There was a long silence before Ty shrugged again. “I don’t like him, but I do respect him. He’s one hell of a fighter, no matter what the weapon or situation. He has knowledge of how to use the land and his limited arms to his own advantage that many a general would envy.”

“Do you have any idea what he does to the captives who don’t escape?”

“Yes,” Ty said succinctly. “I didn’t say I admired him. But I learned in the war that honor and good table manners don’t have a damned thing to do with survival. Cascabel is a survivor. Black Hawk knows it. He hasn’t pressed a confrontation because he hopes that the U.S. Army will take care of the renegades for him.”

“Black Hawk is lucky that Cascabel hasn’t lured the whole tribe away from him,” Janna grumbled. “Cascabel must have half of Black Hawk’s warriors down here by now, and they’re still coming in by twos and threes every day.”

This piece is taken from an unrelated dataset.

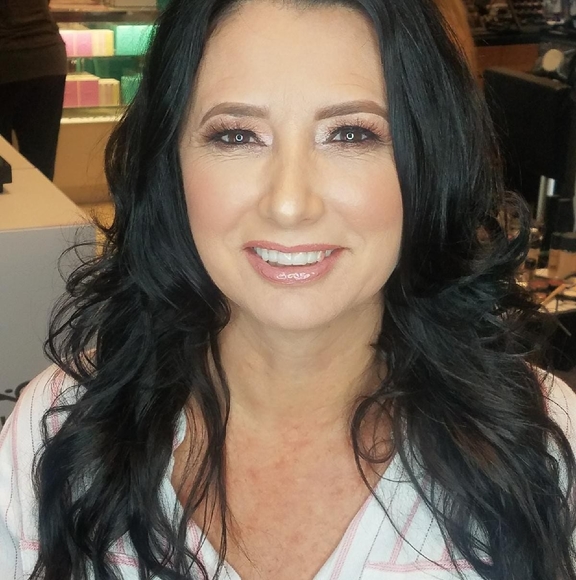 Meet your Posher, Monica - Picture 1 of 1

“Cascabel is half-Apache. The elders in the Ute tribe would never let him be a headman. As for the younger men, they still believe that they’re invincible. They haven’t had time to learn that the same army that flattened the South sure as hell won’t have too tough a time ironing out a few renegade wrinkles in the Utah Territory.”

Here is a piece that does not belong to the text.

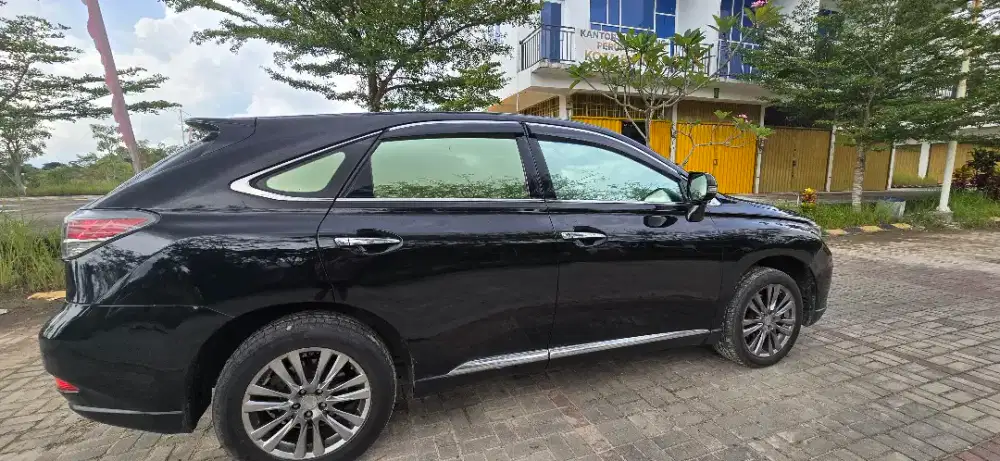 Jual lexus rx270.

She started to speak, then caught a flash of movement at the far edge of the meadow. Ty had seen the movement, too. As one they flattened completely to the earth, taking advantage of every bit of cover offered by the slight depression where they lay to watch the meadow.

Four hundred feet away, five Indians rode out into the wide river of meadow grass that wound between the two evergreen forests. The men rode boldly, without bothering about cover or the possibility of ambush, because they knew that Cascabel ruled Black Plateau. The only reason they weren’t laughing and talking among themselves was that human voices carried a long way in the plateau’s primal silence, and the deer they were hunting had excellent hearing.

Peering cautiously through the dense screen of evergreen boughs, spyglass shielded so that it wouldn’t give
away their position by reflecting a flash of light, Ty watched the hunting party ride along the margin of forest and meadow. Usually in any group of Indians, barely half the men were aimed with carbines, rifles or pistols, and there were rarely more than a few rounds of ammunition for each weapon. Part of the problem in getting arms was simply that it was illegal to sell weapons or ammunition to Indians. What they couldn’t take as the spoils of war they had to buy from crooked white traders.

But most of the problem the Indians had in staying well armed was that none of the tribes had any experience in the care and repair of machines or in the art of making reliable bullets. The weapons they acquired through war or bribery quickly became useless due to lack of ammunition or because of mechanical failure.

Cascabel’s men were well outfitted. As well as the traditional bow and arrows, each man had a carbine and
a leather pouch bulging with ammunition. Ty was relieved to see that the carbines were single-shot weapons of the type that had lost the Civil War for the South. None of the five Indians had a weapon that could compete with the new Winchester carbine he had discovered in an otherwise empty box at the store Preacher had rather hastily abandoned.

Ty’s new carbine was the type of weapon Johnny Rebs had enviously insisted that a Yank “loaded on Sunday and fired all week long.” With his new Winchester, Ty could reload as fast as he could fire, an advantage the Indians didn’t have unless they used their bows and arrows.

Ty went over the details of the renegades’ gear with the experienced eye of a man to whom such knowledge had meant the difference between continued life and premature death. The presence of good weapons explained some of Cascabel’s allure for young warriors—on a reservation, these men would have barely enough to eat, no weapons beyond what they could make with their own hands, and no freedom to roam in search of game. With Cascabel, the young men would have a chance to gain personal fame as warriors, they would be well fed and well armed, and they could live the roving life celebrated in tribal legends.